Items from a data source:

Start of Block

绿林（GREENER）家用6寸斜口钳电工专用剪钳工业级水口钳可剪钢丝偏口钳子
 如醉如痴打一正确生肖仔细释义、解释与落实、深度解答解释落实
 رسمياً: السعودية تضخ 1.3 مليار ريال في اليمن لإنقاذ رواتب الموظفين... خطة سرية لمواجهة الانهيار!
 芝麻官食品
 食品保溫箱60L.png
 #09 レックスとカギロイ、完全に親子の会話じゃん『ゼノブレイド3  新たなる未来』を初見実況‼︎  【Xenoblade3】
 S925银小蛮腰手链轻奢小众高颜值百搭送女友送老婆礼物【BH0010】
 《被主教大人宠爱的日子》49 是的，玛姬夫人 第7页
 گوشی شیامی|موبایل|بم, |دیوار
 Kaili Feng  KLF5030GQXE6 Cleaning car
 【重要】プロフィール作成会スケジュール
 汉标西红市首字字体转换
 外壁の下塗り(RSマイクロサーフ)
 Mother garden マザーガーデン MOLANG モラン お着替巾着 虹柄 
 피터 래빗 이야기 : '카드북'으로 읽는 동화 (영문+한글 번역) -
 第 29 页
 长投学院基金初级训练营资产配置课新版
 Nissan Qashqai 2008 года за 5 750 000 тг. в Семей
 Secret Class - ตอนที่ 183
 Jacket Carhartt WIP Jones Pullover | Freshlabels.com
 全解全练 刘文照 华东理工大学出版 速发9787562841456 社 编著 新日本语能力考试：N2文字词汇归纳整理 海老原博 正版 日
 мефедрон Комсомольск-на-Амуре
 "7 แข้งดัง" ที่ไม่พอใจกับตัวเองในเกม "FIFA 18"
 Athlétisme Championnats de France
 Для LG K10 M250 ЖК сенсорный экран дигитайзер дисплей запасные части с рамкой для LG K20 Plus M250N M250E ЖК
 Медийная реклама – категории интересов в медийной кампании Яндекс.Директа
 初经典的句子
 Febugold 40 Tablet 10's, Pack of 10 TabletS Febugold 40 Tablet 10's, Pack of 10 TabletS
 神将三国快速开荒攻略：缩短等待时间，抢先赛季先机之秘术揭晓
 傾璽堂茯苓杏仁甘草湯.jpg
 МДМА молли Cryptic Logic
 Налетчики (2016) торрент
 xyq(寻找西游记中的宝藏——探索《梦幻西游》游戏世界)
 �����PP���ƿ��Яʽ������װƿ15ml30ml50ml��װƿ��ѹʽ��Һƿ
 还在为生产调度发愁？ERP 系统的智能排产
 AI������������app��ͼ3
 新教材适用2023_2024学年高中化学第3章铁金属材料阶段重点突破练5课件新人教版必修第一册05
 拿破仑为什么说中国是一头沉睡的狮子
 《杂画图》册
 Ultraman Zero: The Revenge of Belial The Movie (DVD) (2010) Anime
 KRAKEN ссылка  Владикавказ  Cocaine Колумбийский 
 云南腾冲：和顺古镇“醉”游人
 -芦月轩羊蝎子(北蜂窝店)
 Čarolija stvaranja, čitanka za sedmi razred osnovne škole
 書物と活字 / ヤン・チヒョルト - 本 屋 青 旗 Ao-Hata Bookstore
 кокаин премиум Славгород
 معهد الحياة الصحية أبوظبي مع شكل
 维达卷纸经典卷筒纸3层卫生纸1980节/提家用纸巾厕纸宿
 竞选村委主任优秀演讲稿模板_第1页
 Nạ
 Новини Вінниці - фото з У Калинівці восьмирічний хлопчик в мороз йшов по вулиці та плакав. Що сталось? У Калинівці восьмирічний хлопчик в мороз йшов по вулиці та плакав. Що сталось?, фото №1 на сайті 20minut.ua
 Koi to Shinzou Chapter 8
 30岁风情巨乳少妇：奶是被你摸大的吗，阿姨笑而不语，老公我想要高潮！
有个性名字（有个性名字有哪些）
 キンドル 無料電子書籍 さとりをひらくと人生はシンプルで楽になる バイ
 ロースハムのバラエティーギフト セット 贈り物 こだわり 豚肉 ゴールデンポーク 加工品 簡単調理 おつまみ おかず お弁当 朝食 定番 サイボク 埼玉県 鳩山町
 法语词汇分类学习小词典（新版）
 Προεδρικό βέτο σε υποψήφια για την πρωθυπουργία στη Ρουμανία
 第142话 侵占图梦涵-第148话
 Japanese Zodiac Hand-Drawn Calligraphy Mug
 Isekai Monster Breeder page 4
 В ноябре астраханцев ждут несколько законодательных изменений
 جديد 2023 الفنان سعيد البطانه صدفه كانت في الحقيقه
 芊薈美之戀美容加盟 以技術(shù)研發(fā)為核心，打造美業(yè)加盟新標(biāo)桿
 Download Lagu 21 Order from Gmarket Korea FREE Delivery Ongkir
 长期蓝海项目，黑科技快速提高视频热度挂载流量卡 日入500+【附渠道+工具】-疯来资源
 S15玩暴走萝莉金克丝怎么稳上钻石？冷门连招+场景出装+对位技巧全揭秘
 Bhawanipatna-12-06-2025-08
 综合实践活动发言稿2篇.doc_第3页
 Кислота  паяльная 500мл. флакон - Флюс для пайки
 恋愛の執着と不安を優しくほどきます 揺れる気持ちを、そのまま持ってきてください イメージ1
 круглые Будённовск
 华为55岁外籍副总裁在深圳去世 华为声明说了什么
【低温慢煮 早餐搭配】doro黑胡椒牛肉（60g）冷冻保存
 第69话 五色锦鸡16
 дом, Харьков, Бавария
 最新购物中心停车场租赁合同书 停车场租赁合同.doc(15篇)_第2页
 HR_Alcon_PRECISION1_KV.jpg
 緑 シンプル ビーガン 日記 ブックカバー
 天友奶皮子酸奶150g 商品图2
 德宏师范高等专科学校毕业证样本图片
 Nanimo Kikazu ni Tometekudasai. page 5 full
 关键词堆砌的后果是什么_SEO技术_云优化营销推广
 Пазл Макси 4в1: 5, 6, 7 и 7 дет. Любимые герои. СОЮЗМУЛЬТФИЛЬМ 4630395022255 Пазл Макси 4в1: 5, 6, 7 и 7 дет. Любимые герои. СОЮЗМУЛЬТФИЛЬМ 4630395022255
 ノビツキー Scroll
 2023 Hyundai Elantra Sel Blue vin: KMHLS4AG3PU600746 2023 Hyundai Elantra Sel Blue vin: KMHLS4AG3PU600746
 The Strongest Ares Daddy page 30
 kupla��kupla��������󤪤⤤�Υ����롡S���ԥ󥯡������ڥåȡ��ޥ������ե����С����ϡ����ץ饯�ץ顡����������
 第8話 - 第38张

End of Block

* _Exercise prompt_:
Tally the lines in the records above that contain the string "page" and report only the tally.

* _Reply_:
3